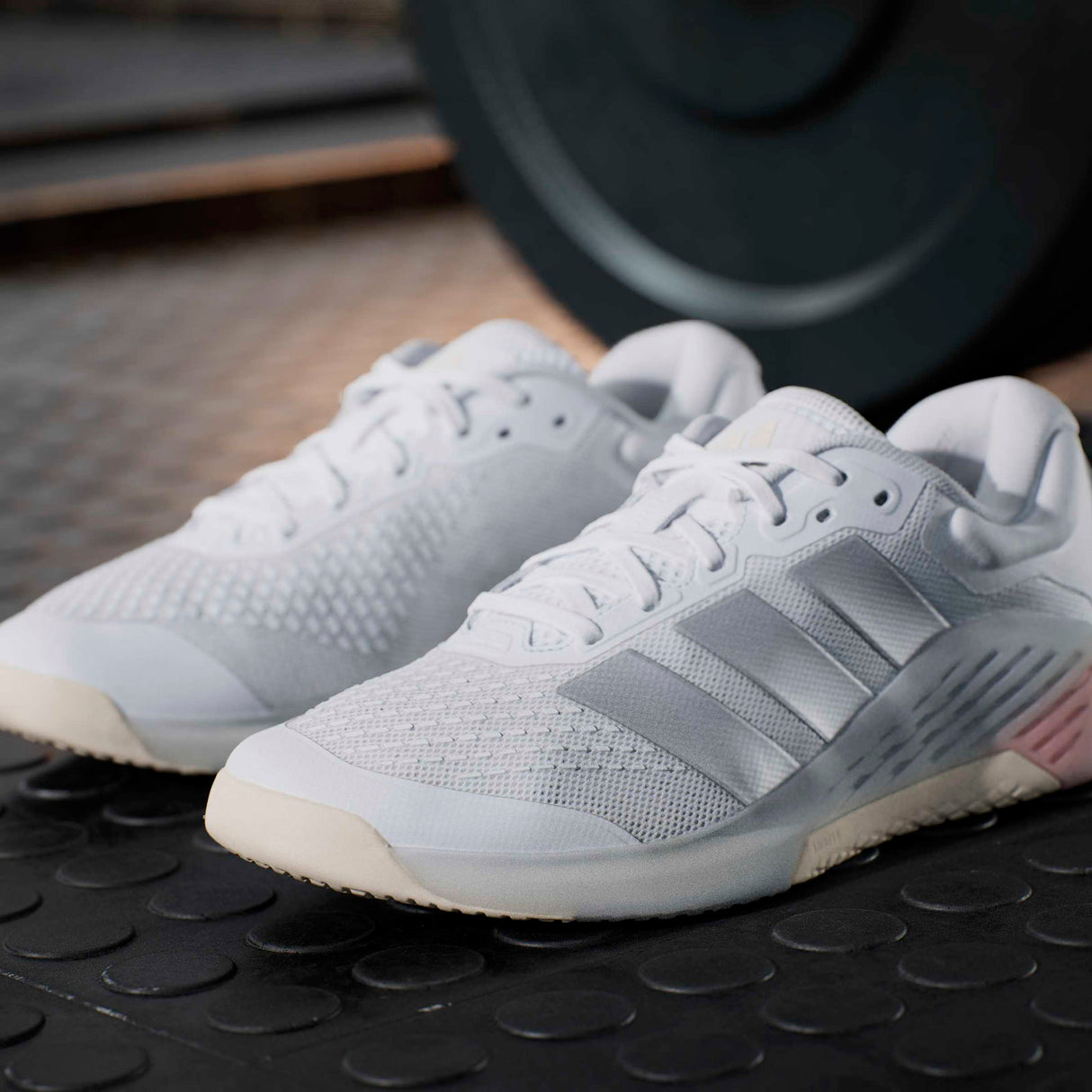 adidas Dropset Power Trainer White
#####
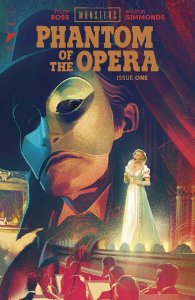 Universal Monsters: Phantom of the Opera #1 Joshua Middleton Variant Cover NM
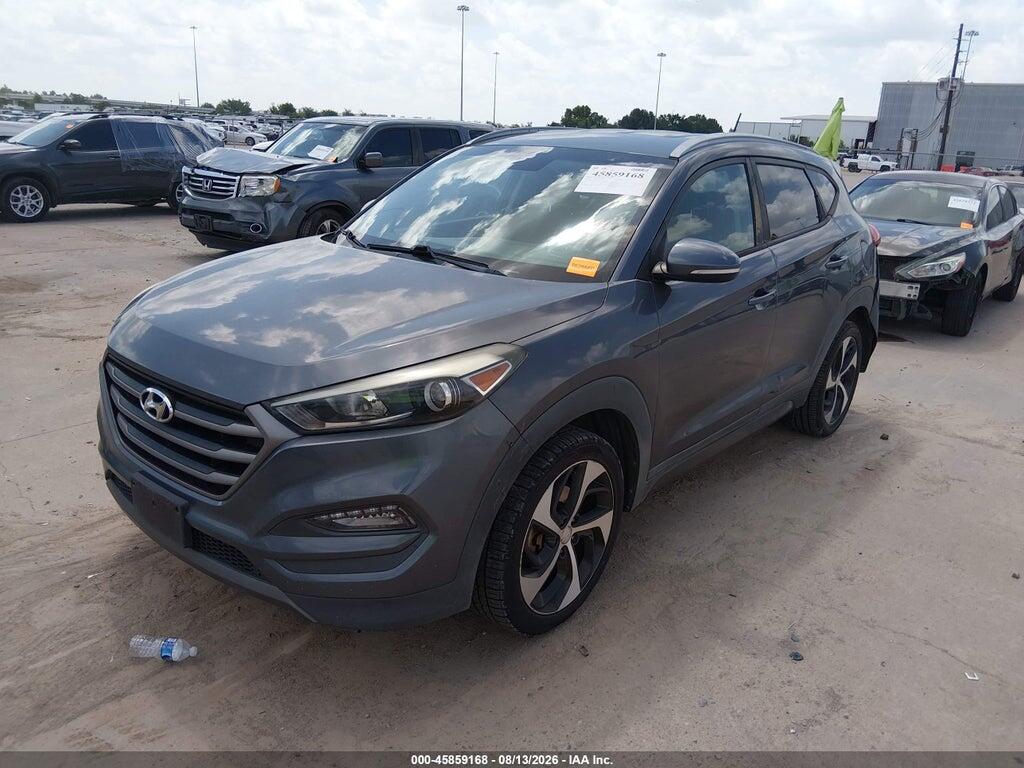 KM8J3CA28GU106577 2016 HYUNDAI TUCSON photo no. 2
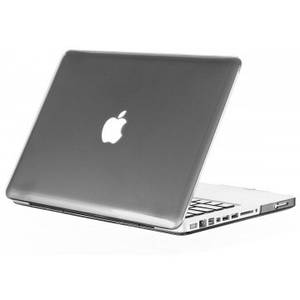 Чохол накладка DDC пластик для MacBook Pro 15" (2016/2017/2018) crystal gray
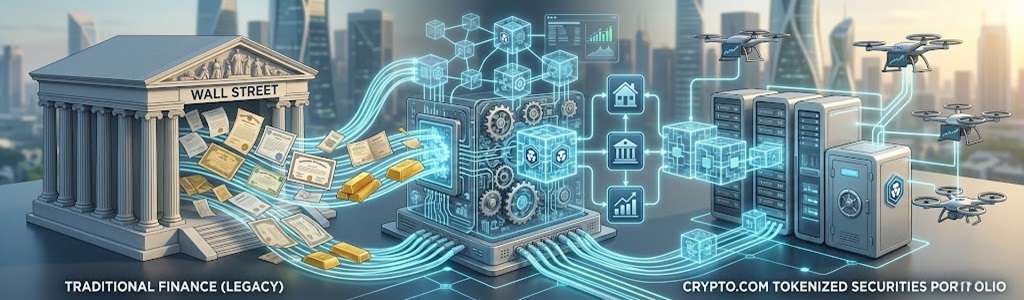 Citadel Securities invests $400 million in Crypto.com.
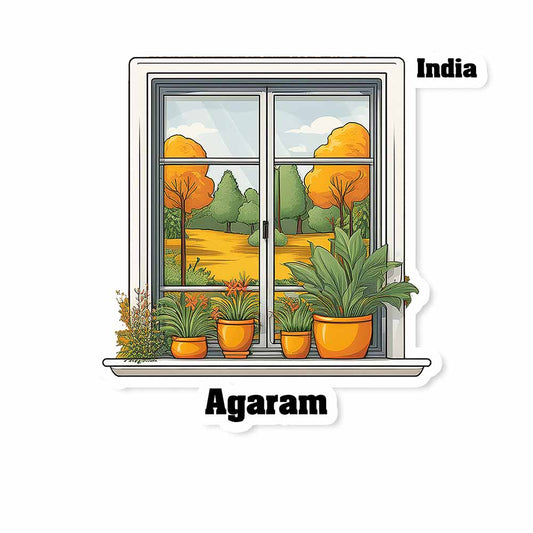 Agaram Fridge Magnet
#####
:: Task item ::
Only the lines above from the one containing "Чохол накладка DDC" through the one containing "Agaram Fridge Magnet" should be returned, verbatim and inclusive, with pictures excluded.

:: Reply ::
 Чохол накладка DDC пластик для MacBook Pro 15" (2016/2017/2018) crystal gray
 Citadel Securities invests $400 million in Crypto.com.
 Agaram Fridge Magnet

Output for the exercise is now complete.